Homegrown Tomatoes

The Garden Advisor, By Lisa Ray,  Grow Something Today For Tomorrow

A few things in this world still cannot be brought, and one of them is a fresh tomato.  Nothing seems to fit in the kitchen garden better.  Whether your garden is big or small, you should have no trouble raising plenty of rich-tasting tomatoes in a rainbow of colors including red, pink, orange, yellow, striped or even purple.  When choosing tomatoes, it is a good idea to grow different types and varieties.  That way, you can be assured that you will get plenty.   

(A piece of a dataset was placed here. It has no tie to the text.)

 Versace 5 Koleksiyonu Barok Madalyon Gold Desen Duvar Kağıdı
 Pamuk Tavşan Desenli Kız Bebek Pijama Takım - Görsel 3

Disease resistance types are a huge plus, because diseases live from year to year in the soil.  While vigorous hybrids usually produce heavy crops, try heirloom types because they taste great and the seeds can be saved.  Also, consider the growth habit.  Tomato varieties labeled “determinate” grow to a certain height and then produce a crop that ripens in a short period.  “Indeterminate” types continue to grow and produce all season long.  Buy tomatoes as transplants, or start seeds indoors six to eight weeks before the last spring frost in your area.  Wait until all frost is past to set out transplants, unless you can provide special protection.  Tomatoes need full sun, fertile soil and an even supply of moisture.  A week before planting, work one to two pounds of 5-10-10 or similar low-nitrogen fertilizer into the soil. Too much nitrogen will reduce yields. 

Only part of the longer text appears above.